Consider a law of motion for the Solow growth model, in which the trajectory of capital is determined non-linearly:
$$ k_{t+1} = Ask_{t}^\alpha + (1-\delta)k_t $$
Here \(k\) is capital stock, and \([A,s, \alpha, \delta] \) are positive parameters.
The following code excerpts are from julia.quantecon.org.
g(k;p) is a function that represents the capital transition function, given the parameter set p and argument k.
g(k; p) = p.A * p.s * k^p.α + (1-p.δ)*k
Then ts_plot takes 5 arguments, where the first argument is a function. Note that the function contains iteration loop that allows for the storage of updated values of capital in each index of vector x. Then it returns the output plot.
using Plots
function ts_plot(f, xmin, xmax, x0; ts_length=6)
x = zeros(ts_length)
x[1] = x0
for t in 1:(ts_length-1)
x[t+1] = f(x[t])
end
plot(1:ts_length, x, ylim=(xmin, xmax), linecolor=:blue, lw=2, alpha=0.7)

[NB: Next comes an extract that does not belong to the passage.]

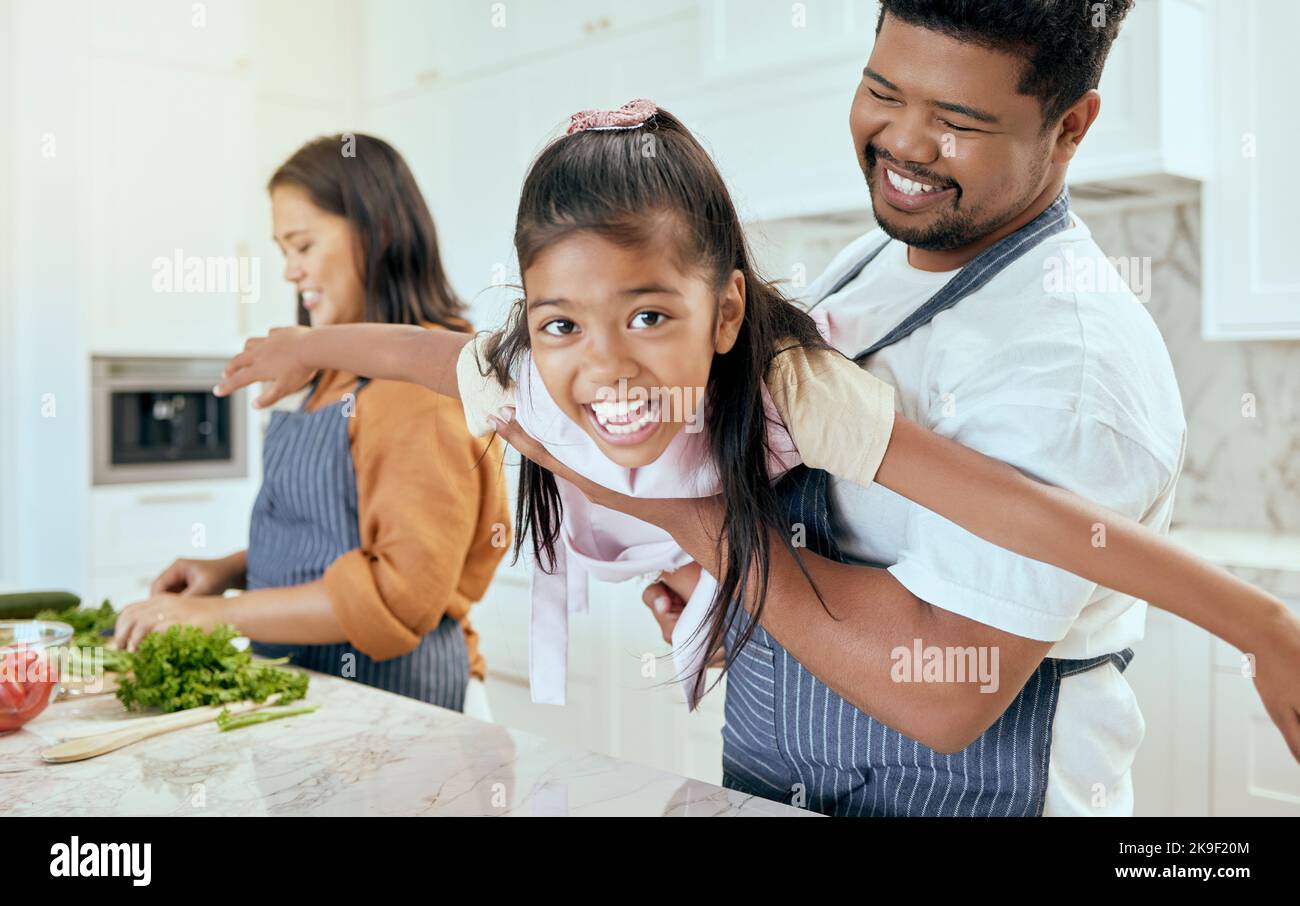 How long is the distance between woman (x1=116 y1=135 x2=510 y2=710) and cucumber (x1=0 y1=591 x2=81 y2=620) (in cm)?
13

scatter!(x, mc=:blue, alpha=0.7, legend=false)
end
Lastly, the capital stock starts with 0.25, and the parameter values are determined. Note that p is a NamedTuple with 6 arguments, defined to encapsulate all parameters. Invoking ts_plot produces following plot.
k0=0.25
p = (A=2, s=0.3, α=0.3, δ=0.4, xmin=0, xmax=4)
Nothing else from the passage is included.